シートン

雨に唄えばのシートンのレビュー・感想・評価

雨に唄えば(1952年製作の映画)
2.8
ショーとしては面白いが、ストーリーは勧善懲悪的であり、面白みに欠く。それは単にわたしがミュージカルの魅力を理解してないことによるのだろうが、早送りしたくなるほどに退屈だった。

この作品は、トーキー革命がもたらした映画界の激震を描いているという点で、史料的な価値を有している。リーナのように声が良くなかったり、声が無声映画で作り上げられたイメージに則していないせいで、突然仕事を失った俳優も多かったのだろう。キートンもトーキーの登場でその煽りをうけた一人であると聞く。
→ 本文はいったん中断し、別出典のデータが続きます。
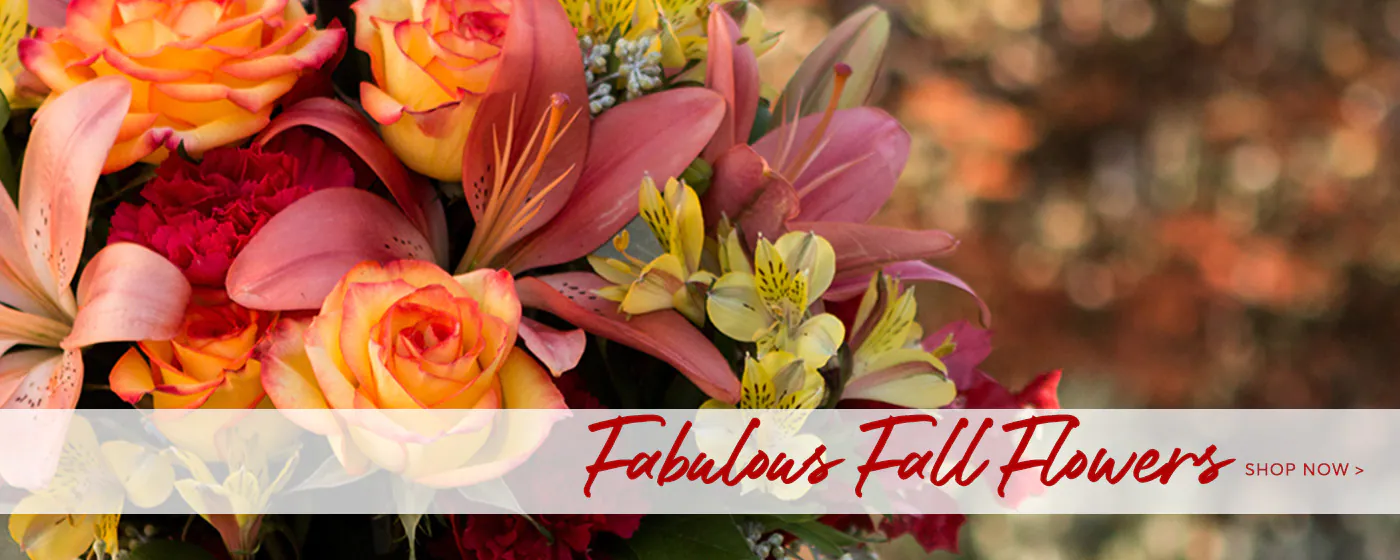 Send Fall Flowers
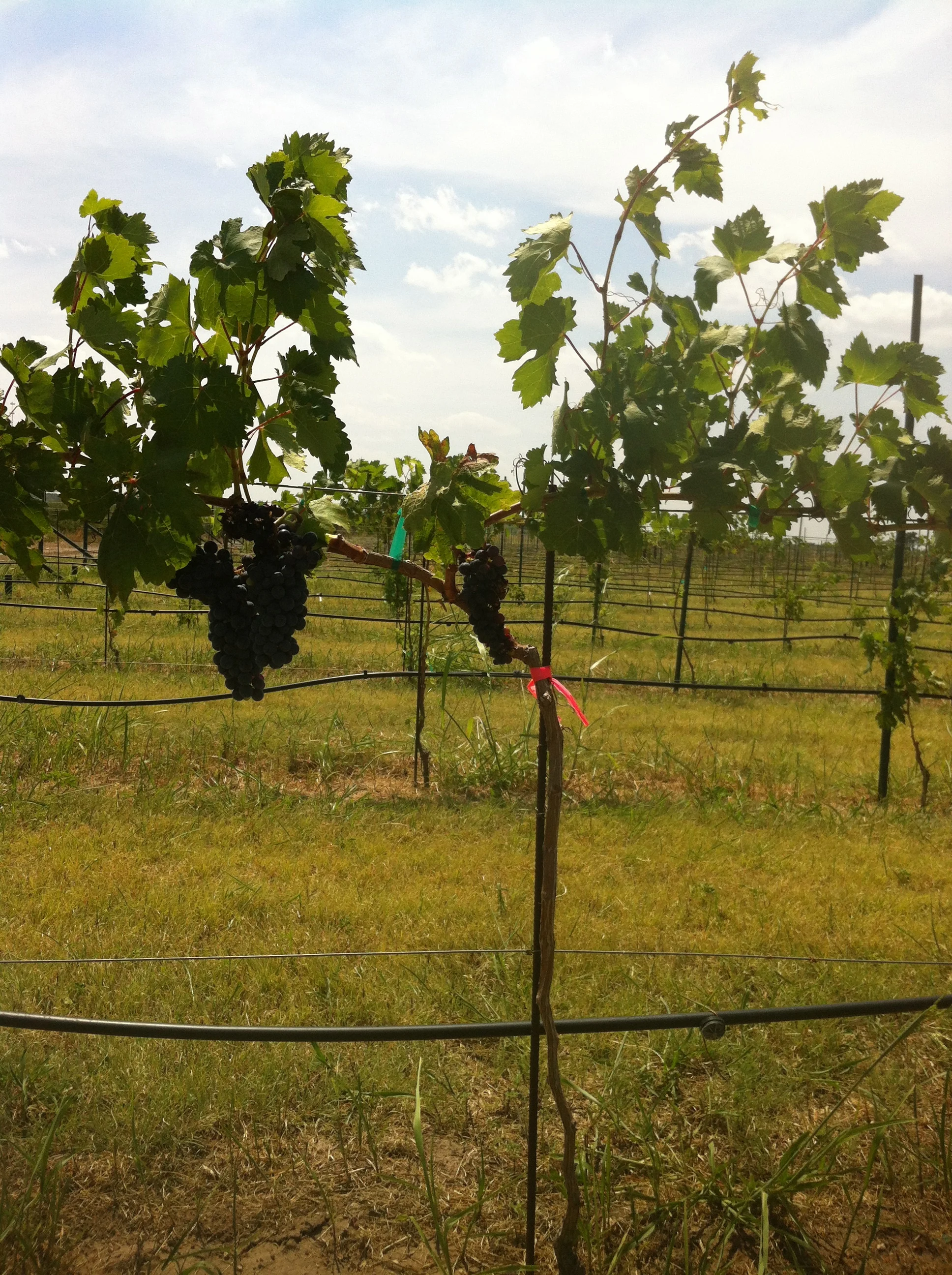 2014 we will have nets and we will have wine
このような革命的な事件は、イノベーションが無慈悲なまでに業界の勢力図を書き換え、それまでとまったく異なるゲームを始動させてしまうことを示している。それにも関わらず、無声映画のスターの転落劇を、あたかもその人間性の愚劣さや役者としての無能さのみに帰することで、このテクノロジーの変化による暴力的なまでの地殻変動を単純化し、卑小な勧善懲悪劇に仕立てているという点に、この作品の罪悪がある。

最後までこの作品の魅力を見出せなかった。